“Faster R-CNN: Towards Real-Time Object Detection with Region Proposal Networks” was submitted to arXiv in June 2015 by Shaoqing Ren, Kaiming He, Ross Girshick, and Jian Sun. It closed the last major gap in the R-CNN family.
Fast R-CNN had made the detection stage quick, but it still depended on a separate, slow algorithm to propose where objects might be in an image, and that proposal step had become the bottleneck. Faster R-CNN’s contribution was the Region Proposal Network, a small convolutional network that generates candidate object regions directly from the same shared feature map the detector already computes. Because proposing regions and detecting objects now reuse the same convolutional features, the proposals are, in the authors’ phrase, nearly cost-free, and the whole system becomes a single network trainable end to end. The combined model reached state-of-the-art accuracy on the standard PASCAL VOC and COCO benchmarks while running at around five frames per second on a GPU.
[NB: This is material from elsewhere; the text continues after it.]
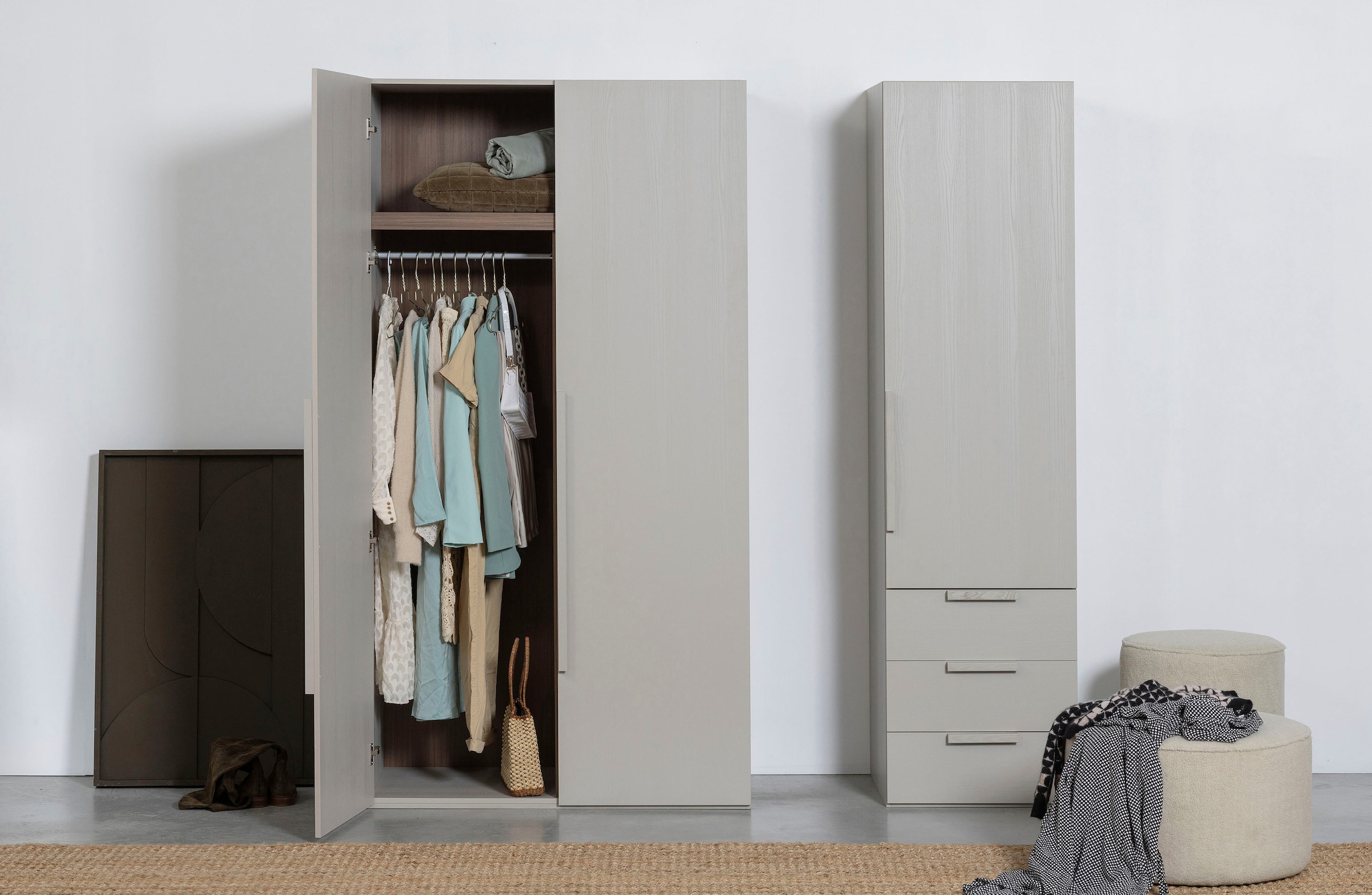 WOOOD Garderobenschrank »Rens«, aus Nussbaum-Dekor, viel Stauraum, Höhe 210 cm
Faster R-CNN became the canonical two-stage detector and a workhorse of applied computer vision, underpinning systems for autonomous driving, medical imaging, and industrial inspection. Its design also formed the foundation for Mask R-CNN, which added pixel-level segmentation on top.
For a business reader, Faster R-CNN is where object detection became fast and unified enough to deploy in production, a quiet turning point behind many of the camera-based AI systems in use today.